Exercise description: Repeat each entry below exactly.

Material supplied:
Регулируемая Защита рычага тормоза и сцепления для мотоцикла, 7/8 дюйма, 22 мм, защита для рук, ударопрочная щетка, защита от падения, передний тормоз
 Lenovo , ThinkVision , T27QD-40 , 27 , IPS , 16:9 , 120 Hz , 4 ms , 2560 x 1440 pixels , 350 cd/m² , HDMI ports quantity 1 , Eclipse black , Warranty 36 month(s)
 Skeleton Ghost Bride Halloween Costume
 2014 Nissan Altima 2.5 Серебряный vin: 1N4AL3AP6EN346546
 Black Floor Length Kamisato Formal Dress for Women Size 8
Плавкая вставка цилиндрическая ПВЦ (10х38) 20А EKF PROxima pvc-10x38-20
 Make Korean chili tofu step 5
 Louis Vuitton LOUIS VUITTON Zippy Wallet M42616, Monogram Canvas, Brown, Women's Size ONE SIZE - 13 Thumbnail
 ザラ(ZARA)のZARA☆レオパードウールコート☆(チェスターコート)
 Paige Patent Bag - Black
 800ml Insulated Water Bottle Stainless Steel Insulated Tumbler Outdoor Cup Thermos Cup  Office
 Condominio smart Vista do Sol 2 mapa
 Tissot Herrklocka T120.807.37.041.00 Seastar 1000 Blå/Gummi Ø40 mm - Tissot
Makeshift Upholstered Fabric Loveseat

Answer to this problem:
Регулируемая Защита рычага тормоза и сцепления для мотоцикла, 7/8 дюйма, 22 мм, защита для рук, ударопрочная щетка, защита от падения, передний тормоз
 Lenovo , ThinkVision , T27QD-40 , 27 , IPS , 16:9 , 120 Hz , 4 ms , 2560 x 1440 pixels , 350 cd/m² , HDMI ports quantity 1 , Eclipse black , Warranty 36 month(s)
 Skeleton Ghost Bride Halloween Costume
 2014 Nissan Altima 2.5 Серебряный vin: 1N4AL3AP6EN346546
 Black Floor Length Kamisato Formal Dress for Women Size 8
Плавкая вставка цилиндрическая ПВЦ (10х38) 20А EKF PROxima pvc-10x38-20
 Make Korean chili tofu step 5
 Louis Vuitton LOUIS VUITTON Zippy Wallet M42616, Monogram Canvas, Brown, Women's Size ONE SIZE - 13 Thumbnail
 ザラ(ZARA)のZARA☆レオパードウールコート☆(チェスターコート)
 Paige Patent Bag - Black
 800ml Insulated Water Bottle Stainless Steel Insulated Tumbler Outdoor Cup Thermos Cup  Office
 Condominio smart Vista do Sol 2 mapa
 Tissot Herrklocka T120.807.37.041.00 Seastar 1000 Blå/Gummi Ø40 mm - Tissot
Makeshift Upholstered Fabric Loveseat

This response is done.